Saved data entries

· · · · ·

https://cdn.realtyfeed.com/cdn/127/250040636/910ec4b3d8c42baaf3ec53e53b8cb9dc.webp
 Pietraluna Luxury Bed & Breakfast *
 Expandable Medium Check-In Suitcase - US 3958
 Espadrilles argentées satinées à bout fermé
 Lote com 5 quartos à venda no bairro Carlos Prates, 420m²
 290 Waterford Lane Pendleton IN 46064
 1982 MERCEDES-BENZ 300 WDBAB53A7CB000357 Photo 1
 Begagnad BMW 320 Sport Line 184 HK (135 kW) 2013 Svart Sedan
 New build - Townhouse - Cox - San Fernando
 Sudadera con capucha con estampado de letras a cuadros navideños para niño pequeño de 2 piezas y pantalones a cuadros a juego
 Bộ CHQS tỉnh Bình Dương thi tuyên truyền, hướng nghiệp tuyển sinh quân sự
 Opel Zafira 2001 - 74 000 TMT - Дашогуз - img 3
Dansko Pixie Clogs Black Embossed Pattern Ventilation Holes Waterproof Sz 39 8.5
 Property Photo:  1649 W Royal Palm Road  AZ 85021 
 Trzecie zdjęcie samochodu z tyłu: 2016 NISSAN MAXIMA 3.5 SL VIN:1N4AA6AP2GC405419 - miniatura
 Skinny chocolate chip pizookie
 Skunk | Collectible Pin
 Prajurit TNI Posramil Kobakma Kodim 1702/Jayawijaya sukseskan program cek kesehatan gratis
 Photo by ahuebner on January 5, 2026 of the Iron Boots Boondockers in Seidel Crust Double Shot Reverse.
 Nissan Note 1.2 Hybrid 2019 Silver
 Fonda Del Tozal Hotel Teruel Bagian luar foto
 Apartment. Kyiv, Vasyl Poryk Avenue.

· · · · ·

▶ Aim of the exercise: The expected answer is every line above in which the word "Photo" appears.

▶ Written response:
 1982 MERCEDES-BENZ 300 WDBAB53A7CB000357 Photo 1
 Property Photo:  1649 W Royal Palm Road  AZ 85021 
 Photo by ahuebner on January 5, 2026 of the Iron Boots Boondockers in Seidel Crust Double Shot Reverse.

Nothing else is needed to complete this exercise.